Compliance officers, we need to talk about corporate culture. It’s been going through some stuff lately,  that stuff could have big implications for the compliance programs you so desperately want people to take seriously.

First is the push to bring employees back into the office once and for all — full time, five days a week, and if you don’t like it you can just keep quiet. How are compliance officers supposed to encourage a speakup culture when management treats employees like that? 

One example of this tension is JPMorgan Chase. Earlier this month the bank told employees (all 300,000 of them) that they would need to go back into the office full-time starting March 1. Lots of employees weren’t thrilled at that prospect of longer commutes, higher childcare costs, and the like, so when management posted its new policy to the company’s internal website, they spoke up to complain. In response, JPMorgan turned off the comment capability on that posted policy.

I’m fascinated by this one-act drama of speakup turned to silence, because it brings so many of the challenges and nuance for a strong corporate culture into sharp relief. Like, aren’t employees supposed to speak up? Yes, compliance officers have been hearing — and hammering home — that message for years. On the other hand, do we really want employees speaking all the time about everything? Because that sounds like a recipe for endless noise. 

That’s the tightrope that senior management is forcing compliance officers to walk right now as companies barrel forward with new directives that reshape corporate culture so profoundly. 

The Delicate Art of Speakup Culture

Let’s start with the basics. Ethics and compliance officers want to foster a speakup culture — but you want employees to feel comfortable speaking up about what, exactly? That’s our first question. 

Well, that’s easy. You want employees to feel comfortable speaking up about their suspicions of corporate misconduct, regardless of whether those suspicions are accurate or not (figuring out that part is your job) or what those suspicions specifically are (legal violations, policy violations, or somebody’s poor personal behavior). You simply want a corporate culture where if they see something, they say something. 

So in that narrow sense, a compliance officer might look at an unpopular return-to-office policy and say, “Not my problem.” Ordering employees to work in the office is not illegal. It’s not misconduct. A compliance officer’s interest is employees speaking up about misconduct they see, which is not the same as speaking up about workplace conditions they dislike.

Now comes the tricky part: how do you separate issues that are clearly in the ethics and compliance realm, such as an FCPA violation or accounting fraud; from more general management issues such as return to the office? And even if you could disentangle them, is that even a wise idea? 

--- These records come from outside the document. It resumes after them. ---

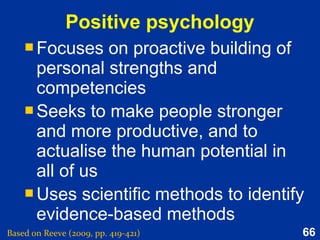 66
Two types of discrepancy
Based on Reeve (2015, pp. 219-220)
Discrepancy reduction Discrepancy creation
Based on the discrepancy-
detecting feedback that
underlies plans and
corrective motivation.
Based on the discrepancy-
detecting feedback that
underlies plans and
corrective motivation.
Based on a “feed-forward”
system in which the person
looks forward and proactively
sets a future, higher goal.
Based on a “feed-forward”
system in which the person
looks forward and proactively
sets a future, higher goal.
Discrepancy reduction
corresponds to plan-based
corrective motivation.
Discrepancy reduction is
reactive, deficiency overcoming,
and revolves around a feedback
system.
Discrepancy creation
corresponds to goal-setting
motivation.
Discrepancy creating is
proactive, growth pursuing, and
revolves around a “feed-
forward” system.
 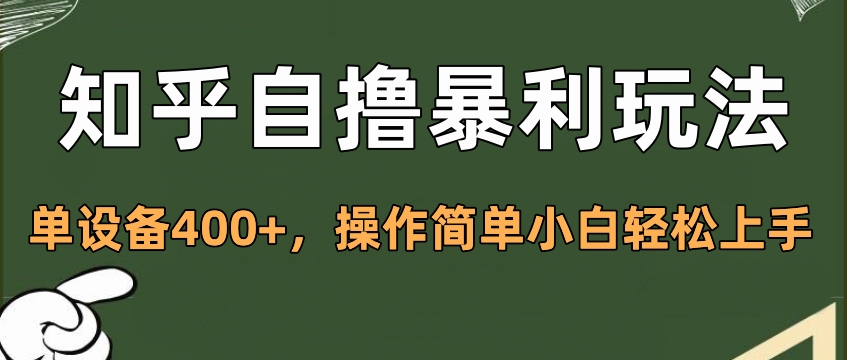 知乎自撸暴利玩法，单设备400+，操作简单小白轻松上手聚创吧-网创项目资源站-副业项目-创业项目-搞钱项目聚创吧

That’s the part of JPMorgan’s return-to-office drama that gives me pause. I understand why management might want to stifle unhappy employees speaking up about the policy. Management already knew its policy change would spark dismay, and quantifying that dismay by letting comments pile up on the message board wouldn’t tell senior management anything it didn’t already know. They were still going to push this policy through to completion, no matter what.

On the other hand, the new return-to-office policy, and management’s disinterest in hearing feedback about it — what message does that convey to employees about what management thinks of them? That’s easy, too: it conveys the message that management isn’t interested in hearing employees’ complaints. 

 

So is a draconian return-to-office policy an ethics and compliance issue? No, it’s not. But such policy, and how you handle complaints about it, is a corporate culture issue, and therefore has an effect on the ethics and compliance culture you want to achieve. 

That is, draconian, take-it-or-leave-it policy pronouncements drive employees to think, “The company doesn’t care about me.” They feel a lack of respect, and a lack of trust. 

When that same company then turns around and says, “But please, do tell us about misconduct you see, we want to be an ethical organization and you’re vital to the success of that objective” — I mean, would you believe that either? 

Always Back to Listening

We’ve written before in these pages about the importance of listening to employees, but we mostly discussed that idea through the lens of a compliance program: the need for a responsive hotline, for intensive training of managers, for communications that show employees management listens to whistleblower reports, and so forth.

Those “mechanical” issues are all important, to be sure; but they’re not the same as what we’re discussing here today. A truly strong, successful corporate culture — one where employees truly do feel like they belong to something bigger, so they want to speak up about issues because they’re protecting that larger thing — is one based on respect. When employees truly feel and believe, “Management respects me and my concerns,” that’s when they want to speak up about misconduct. 

Well, you can’t truly listen to an employee unless you respect them; unless you take stock of who they are and how they feel, and acknowledge their concerns as valid. It’s not an easy thing to do, especially at corporate scale, but that’s the key to a successful corporate culture.